Evidemment, Cage, qui n’a aucun entraînement et ne sait même pas comment utiliser efficacement sa combinaison, meurt en l’espace de quelques minutes, comme la plupart de ses équipiers, victimes d’une embuscade…
Fin? Non, car Cage rouvre les yeux et se réveille à la veille de la bataille, à son arrivée au cap militaire. Au contact d’un des belligérants extraterrestres, il a glané un pouvoir précieux, celui de pouvoir revivre la même journée, encore et encore, tout en gardant intacts ses souvenirs et son expérience des scènes de combat vécues. Chaque fois qu’il combat, il finit par mourir, mais entretemps, il a tout loisir d’étudier les stratégies ennemies, de mettre au point des tactiques pour vaincre les aliens et de gagner un peu plus d’aptitudes de combat, affutant son endurance et ses réflexes.
Peu à peu, malgré la lassitude de devoir revivre chaque jour le même cauchemar, Cage se mue peu à peu en véritable machine de guerre. Avec l’aide de Rita, il cherche “jour après jour” le meilleur moyen de frapper l’ennemi en plein coeur. Mais combien de temps va-t-il pouvoir conserver ce don particulier? Et comment détruire un ennemi aussi malin et aussi puissant?

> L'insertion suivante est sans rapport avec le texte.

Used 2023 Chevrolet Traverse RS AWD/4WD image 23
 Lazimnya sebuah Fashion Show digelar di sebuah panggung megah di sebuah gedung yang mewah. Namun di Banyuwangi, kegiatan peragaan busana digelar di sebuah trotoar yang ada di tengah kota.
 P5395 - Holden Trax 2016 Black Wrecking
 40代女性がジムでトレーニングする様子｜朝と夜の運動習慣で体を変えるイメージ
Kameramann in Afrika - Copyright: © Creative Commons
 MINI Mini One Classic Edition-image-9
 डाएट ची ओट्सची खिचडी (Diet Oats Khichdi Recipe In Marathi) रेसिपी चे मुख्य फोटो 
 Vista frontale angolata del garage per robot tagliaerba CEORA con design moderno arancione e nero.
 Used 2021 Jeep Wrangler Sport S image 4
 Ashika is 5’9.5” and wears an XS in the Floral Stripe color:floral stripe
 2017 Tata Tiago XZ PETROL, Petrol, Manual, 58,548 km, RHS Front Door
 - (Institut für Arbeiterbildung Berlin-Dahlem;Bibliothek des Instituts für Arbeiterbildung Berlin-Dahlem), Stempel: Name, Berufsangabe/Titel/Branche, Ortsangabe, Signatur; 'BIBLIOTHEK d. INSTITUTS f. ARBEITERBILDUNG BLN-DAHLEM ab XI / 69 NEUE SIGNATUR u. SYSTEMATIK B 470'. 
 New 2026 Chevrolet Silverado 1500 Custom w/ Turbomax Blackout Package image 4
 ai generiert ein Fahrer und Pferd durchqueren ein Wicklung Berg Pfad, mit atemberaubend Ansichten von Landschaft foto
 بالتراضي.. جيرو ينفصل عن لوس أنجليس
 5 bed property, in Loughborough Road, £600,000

Edge of tomorrow, c’est la collision brutale de plusieurs concepts scénaristiques. La rencontre de Un jour sans fin (la boucle temporelle infinie), Starship Troopers (l’opposition entre des G.I.s parfois bas du casque et des extraterrestres monstrueux) et Elysium (les combinaisons exosquelette), le tout assaisonné de références diverses et variées, littéraires, cinématographiques et vidéo-ludiques.
Certains esprits chagrins vont sûrement voir dans ce mélange de genres la preuve flagrante du manque d’inspiration des scénaristes hollywoodiens, obligés de recycler des vieilles idées. A tort, puisque les frères Jez et John-Henry Butterworth et Christopher McQuarrie ne font qu’adapter assez fidèlement (1)  le roman “All you need is kill” d’Hiroshi Sakurazaka (2) et le manga éponyme qui en a été tiré, signé Takeshi Obata (3). Bien sûr, on peut penser que Sakurazaka a quand même été influencé par les oeuvres précitées, mais de là à fustiger le manque d’inspiration des scénaristes américains…
Et puis, on se moque totalement de savoir ce que le film de Doug Liman emprunte à Un jour sans fin et aux oeuvres de SF et d’anticipation. L’important est que le scénario fonctionne, que l’on accepte son concept et qu’on se laisse porter par ce récit d’aventures et d’action futuriste haletant.
Et force est de constater que cela fonctionne parfaitement bien…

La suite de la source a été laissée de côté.